Why Law Firms Should Embrace Cycles: Getting Organized is One Thing, Staying Organized is Another
On my last post of 2010, I discussed how the overriding theme I spot in personal happiness, productivity, and self-help literature is getting organized, which leads to less stress and better execution.
One commenter wrote that with all of the spinning plates he has as a solo attorney, it’s nearly impossible to carve out time to become more organized. When you have a live, breathing, belching machine of a law firm, it’s tough to step back and take a look and come up with suggested adjustments to your operations, much less execute on your observations.
To this fellow, I suggest taking a look at the Agile Retrospective meeting, which I wrote about in ILTA’s White Paper on Legal Project Management. You hold a Retrospective with your staff every two weeks or a month for 30 minutes (have them come in early if you have to), and you make a list of what to Start doing, what to Stop doing, and what to Continue doing.
At the very least, the Retrospective minimally interrupts the office and forces you to see the organizations and processes comprising your law office.

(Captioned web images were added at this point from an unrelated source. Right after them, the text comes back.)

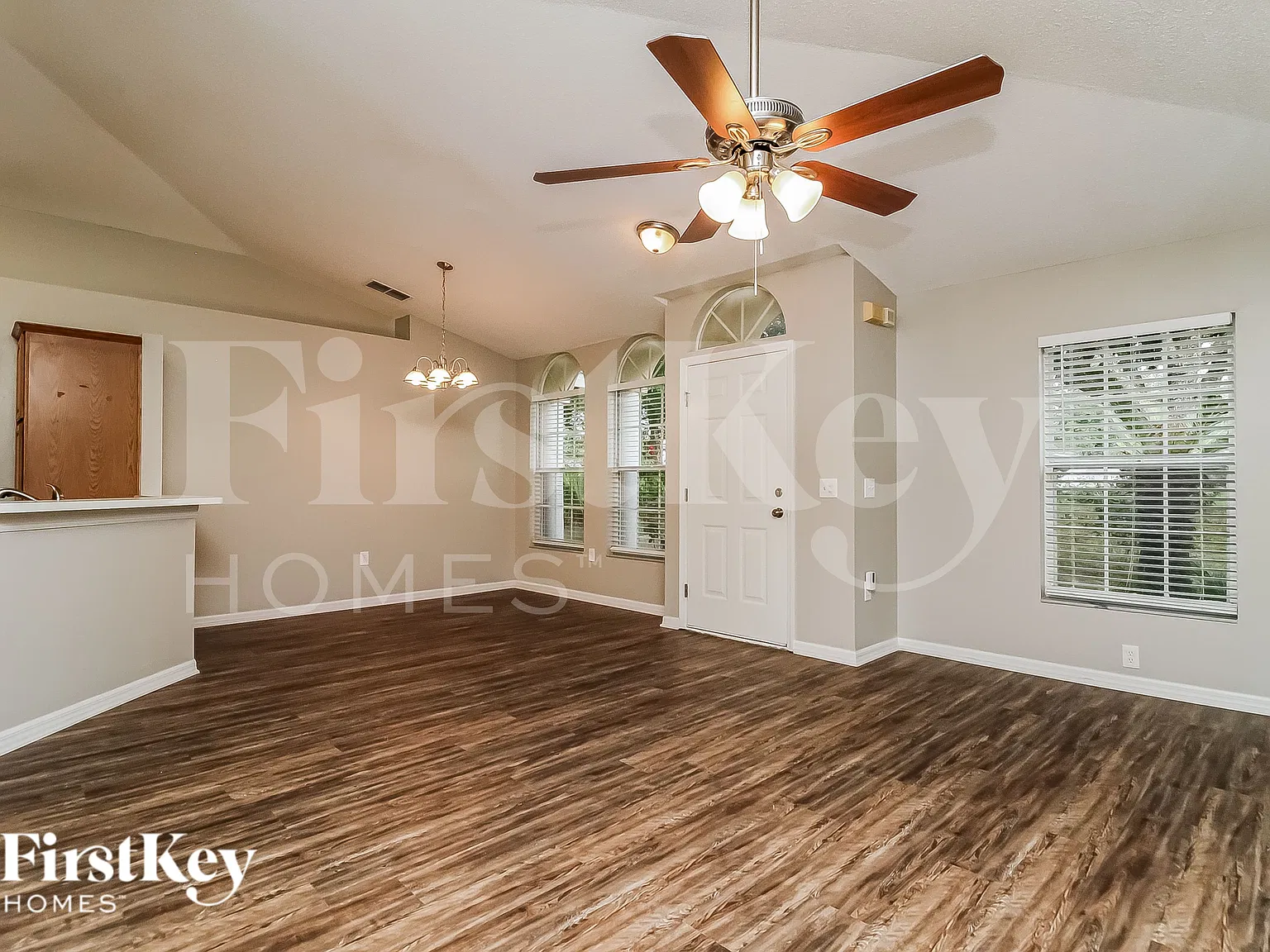 3 bed, 2.0 bath, 1150 sqft, $2,200 — Photo 3
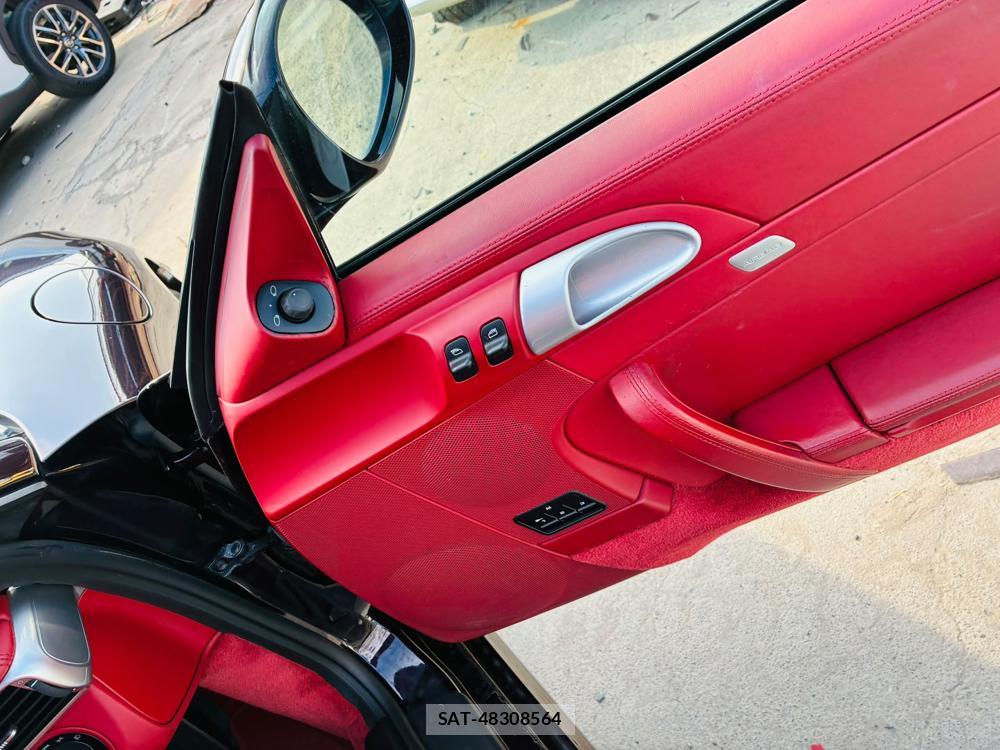 Porsche 911 2011-02 8368104-17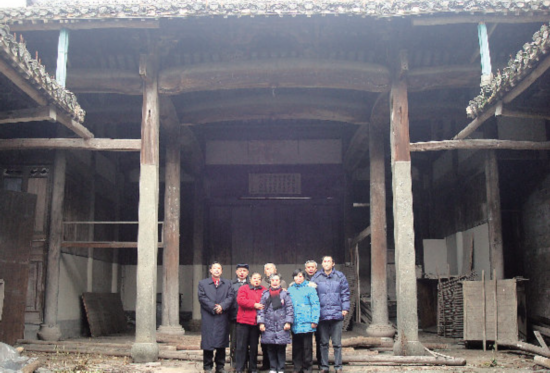 王魁和族人在祖屋前合影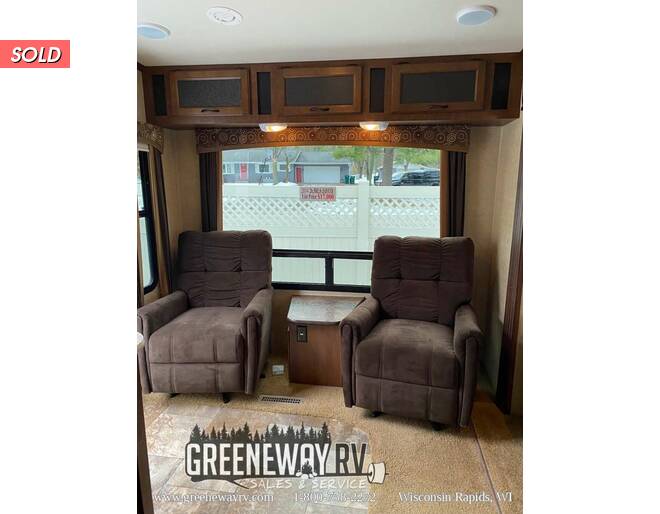 2014 Jayco Eagle HT 26.5RLS Fifth Wheel at Greeneway RV Sales & Service STOCK# 10825A Photo 4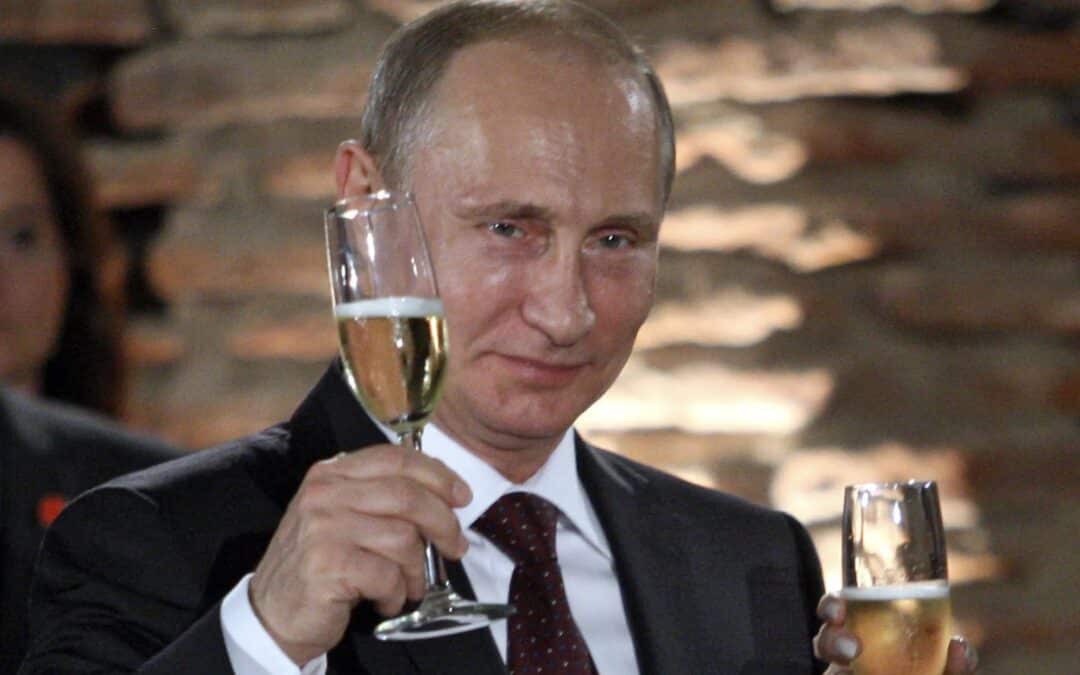 Ucraina russia putin beve vino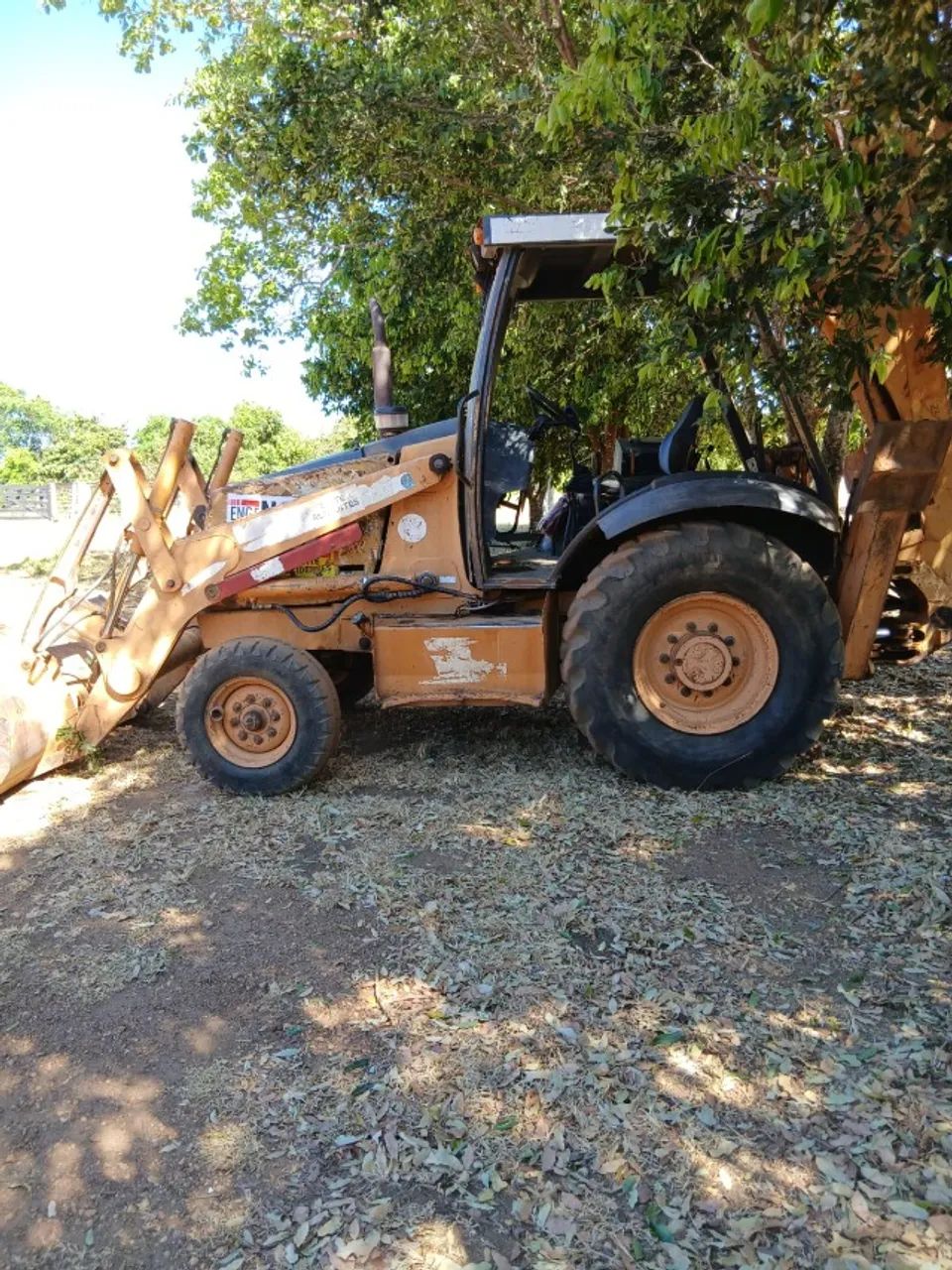 RETROESCAVADEIRA CASE 580M - Foto 2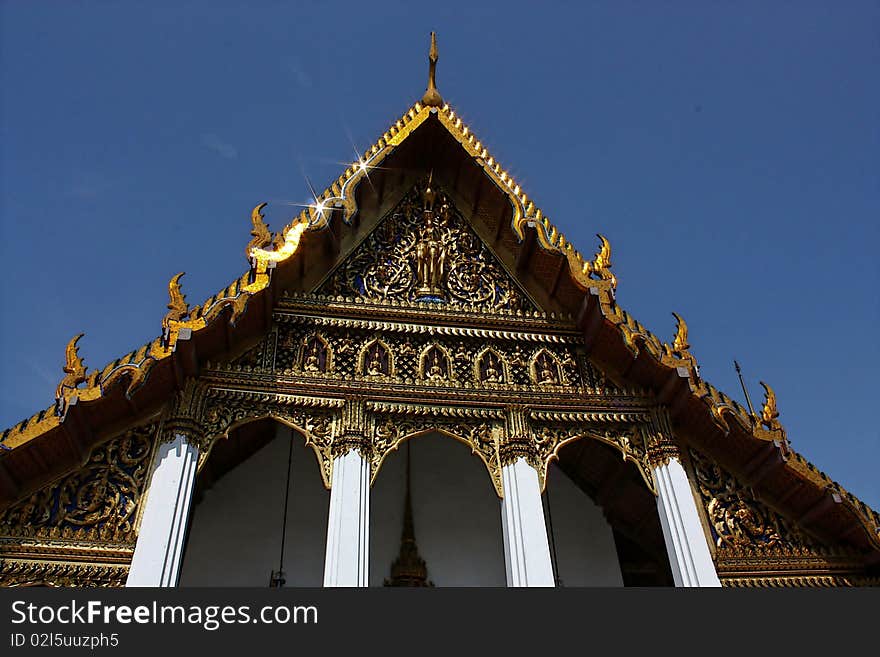 The roof of a temple it's very nice. The roof of a temple it's very nice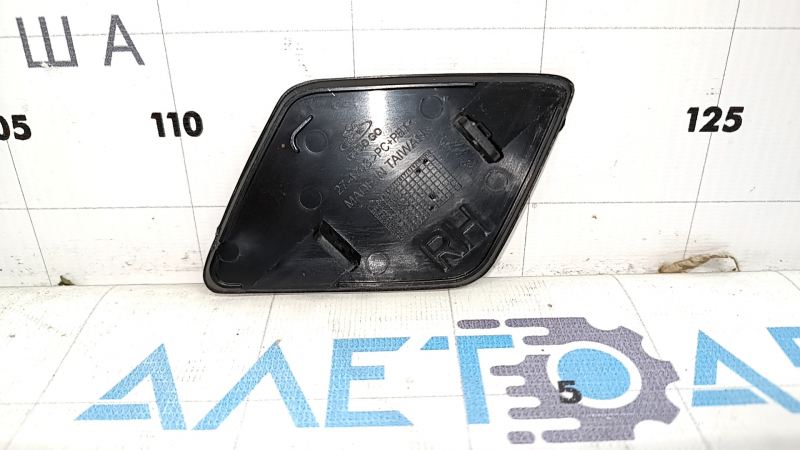 Capacul duzei de spălare a farurilor din bara față dreapta Volvo XC90 16-19 nou, neoriginal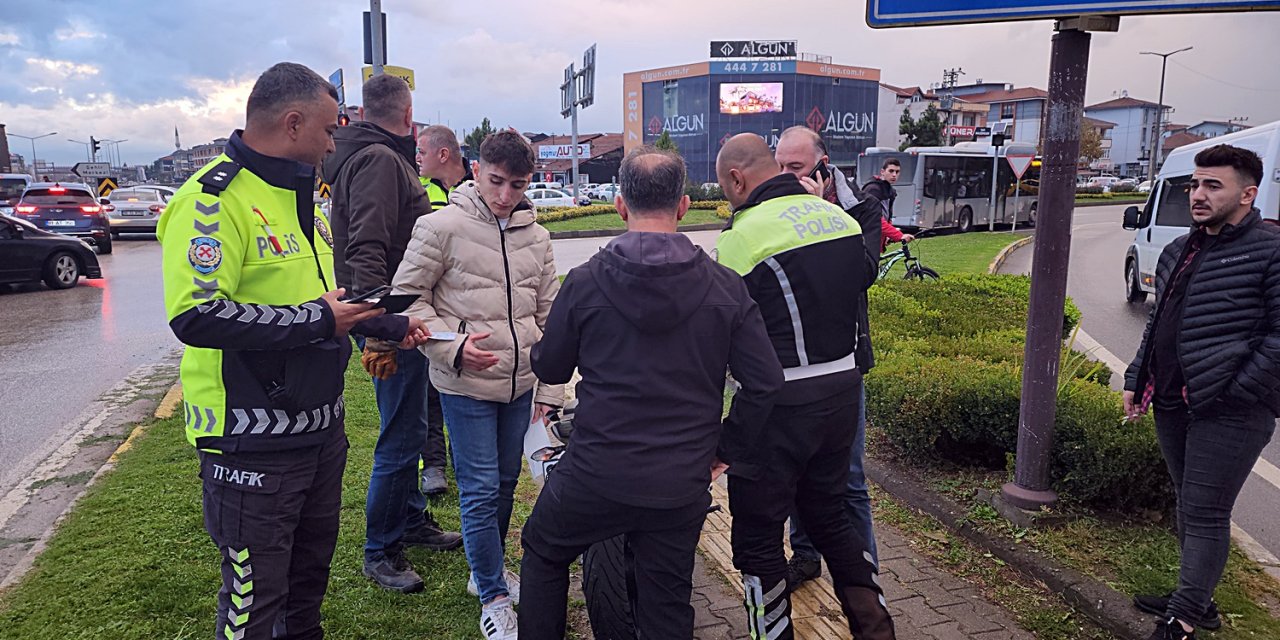 Plakasına Rakam Ekleyen Motosiklet Sürücüsüne 28 Bin Tl Ceza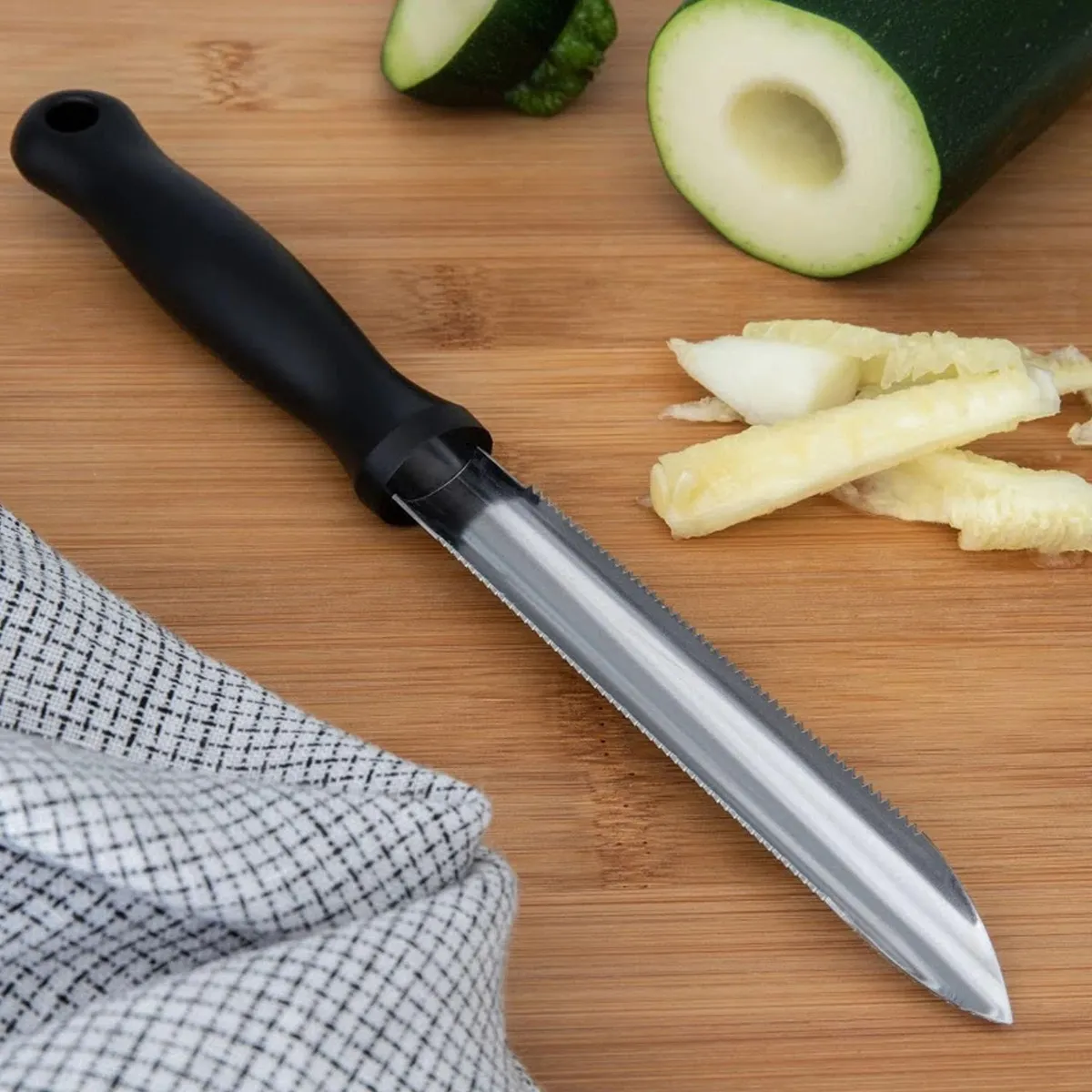 Cortador de Manzana OXO Good Grips: Acero Inoxidable de Alta Calidad, Diseño Ergonómico, Cuchillas Afiladas y Mango Antideslizante para un Corte Perfe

And you don’t have to execute all your changes at once. Pick a couple, or even one, that might have the most impact and free up some resources. Maybe it’s time to get that easy-to-learn online legal practice management software you’ve been looking at. 😉
Think of it like you’re backed up to your own endzone and you need a little breathing room.
From there, regular Retrospective meetings will be easier and give you more stuff you can sink your teeth into.
However, it’s one thing to get organized, and it’s another thing to stay organized, as all of us who have made resolutions are painfully aware. The universe trends towards entropy. So does your desk drawer and wallet. And since it takes so much energy to get organized in the first place, it’s a total waste to let yourself slip backwards towards chaos once you’ve achieved order.
Hence the nature of cycles. The reason the Agile Retrospective is so effective because it happens on a repeating basis. The GTD weekly review gives peace of mind because it cleans out the psyche once a week.
So my suggestion to stay organized in 2011 is to embrace cycles. Here’s a good gauge of activities which will keep your mind crisp and uncluttered, ready to handle to barrage of insanity that invades the small law office on a daily basis:
1) Once a week: Weekly Review
2) Once a week: Clear off your desk
3) Once every two weeks: Retrospective meeting (Start, Stop, Continue).
4) Once a month: Clean out your wallet.
4) Once every two months: Clean out your closet and desk drawers.